Probability of independent events given the history

Question

I am having some trouble understanding something that feels very basic in probability theory concerning the past history of repeated independent events.

Consider the tossing of a fair coin. $P(\text{head}) = P(\text{tail}) = 0.5$. Repeated tosses are independent events. Let's say that we already have four Heads in a row.

Here's my dilemma:

The probability of the next toss result being head = $0.5$, if I think of this as an independent event. But the probability of getting five heads in a row = $0.5^5$ given the history of the tossing.

Aren't these statements conflicting? Does the probability of the next toss being a head really differ? So, if were to bet on the outcome, would it be any better to bet on tails?

I can think of rationales for both cases but I can't wrap my mind around how both probabilities for a head can co-exist. An explanation would be deeply appreciated.

Your coin doesn't know anything about the previous flips. It's a 50% chance regardless of what has already happened. — bill_080, Dec 02 '12 at 22:36

score 5 · Answer 1 · answered Dec 02 '12 at 21:18

The second statement is simply wrong.

$P(HHHHH | HHHH) = 0.5$, not $0.5^5$. (Here I mean the probability of $5$ heads in a row, given that the first $4$ are heads. Gung is using different notation.)

The probability of $A$ given $B$ is $P(A|B) = \frac{P(A \text{and} B)}{P(B)}$ which in this case would be $\frac{0.5^5}{0.5^4} = 0.5$. See conditional probability. Perhaps you have it confused with $P(A~\text{and}~B)$.

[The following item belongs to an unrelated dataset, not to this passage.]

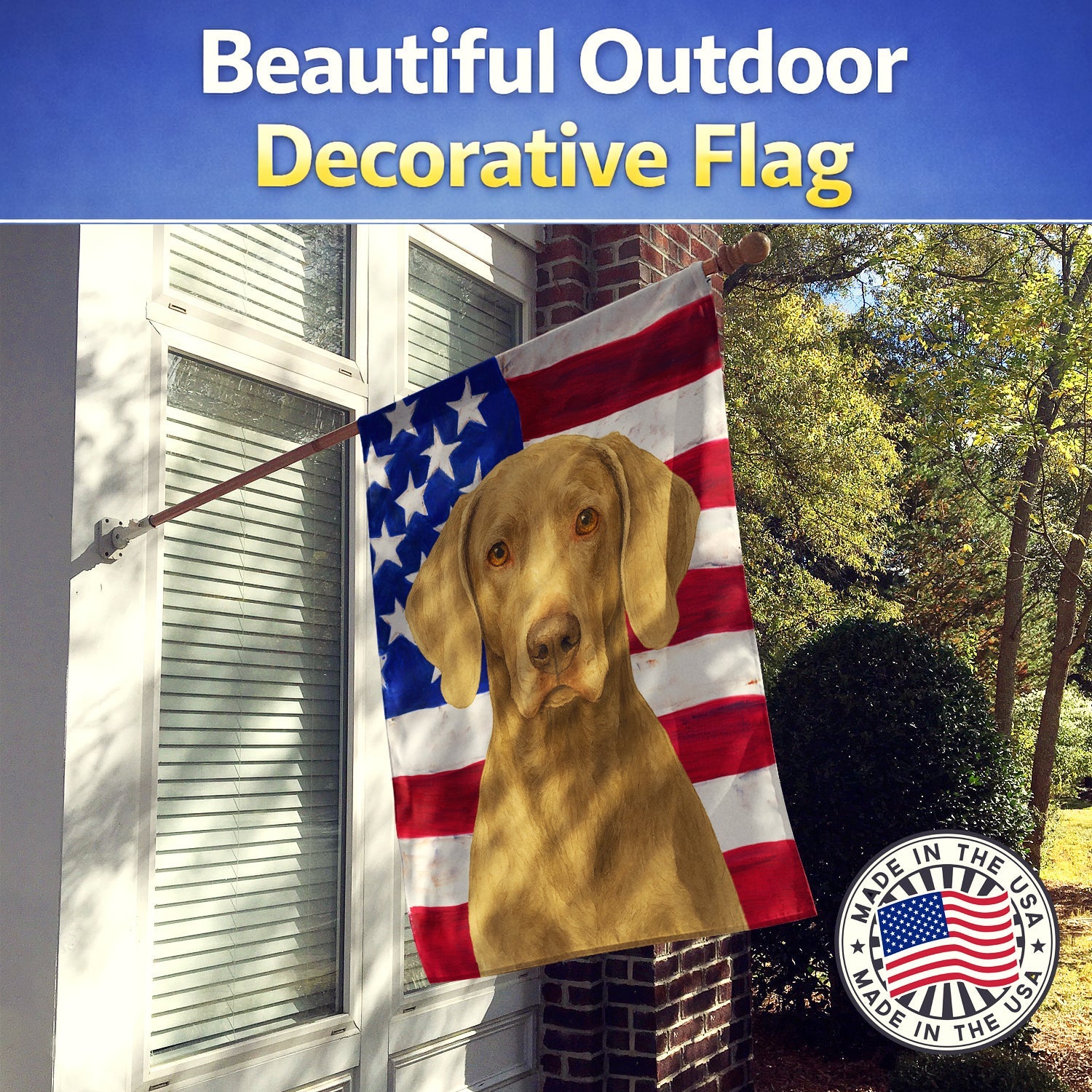 Silver Gray Weimaraner American Flag House Flag 28x40 Porch Sleeve Pole Decorative Outside Yard Banner Artwork Wall Hanging, Polyester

gung - Reinstate Monica · Answer 2 · 2019-02-16T18:21:41.777

Flawed human intuitions:
This is a very common and pernicious confusion. You can read about this under the Wikipedia entry for the Gambler's Fallacy. Psychologists have also studied this phenomenon. Amos Tversky and Daniel Kahneman documenting it in their famous paper Belief in the law of small numbers (the title plays on the law of large numbers in statistics, discussed below). Theoretical work on cognitive mechanisms that help to produce this fallacy has been done by Ruma Falk and Clifford Konold (see, e.g., their paper, Making sense of randomness: Implicit encoding as a basis for judgment; more citations here).

Runs:
When you notice several heads in a row, you are perceiving a run. The (perfectly intuitive) belief is that runs are unlikely, thus, either the coin must not be fair, or it must revert to tails soon. Indeed, this intuition has been formalized by statisticians into a test for randomness / independence (i.e., the runs test). One thing to realize is that with lots of flips (a long series), runs of length 4 (for example) are actually quite common. Here is a quick simulation I ran to check how often I would see 4 or more of the same result in a row, given series of Bernoulli trials of lengths 20 and 50:

isRun = function(x){
  runL = 1
  maxR = 1
             # we iterate through the length of the series
  for(i in 2:lx){     
             # this increments the run length if the result is the same, 
             # but restarts the counter otherwise
    runL = ifelse(x[i]-x[i-1]==0, runL+1, runL<-1)  
             # if the current run length is longer than the previous max, 
             # the new value is used
    maxR = ifelse(runL>maxR, runL, maxR)
  }
  return(maxR)
}

r4.20 = c()                           # these will store the results
r4.50 = c()

set.seed(1)                           # this makes the code reproducible
for(i in 1:10000){
  x20 = rbinom(20, size=1, prob=.5)   # we generate series of length 20 & 50
  x50 = rbinom(50, size=1, prob=.5)
  r4.20[i] = ifelse(isRun(x20)>3,1,0) # if the maximum run length is 4 or longer
  r4.50[i] = ifelse(isRun(x50)>3,1,0)
}
mean(r4.20)     # [1] 0.7656          # ~77% of series
mean(r4.50)     # [1] 0.9796          # ~98%

But what if you've only flipped your coin 4 times (thus far)? The probability of getting the same result 4 times is $.5^4=.0625$. Given that people flip coins commonly, this should happen quite often (more than one time in twenty).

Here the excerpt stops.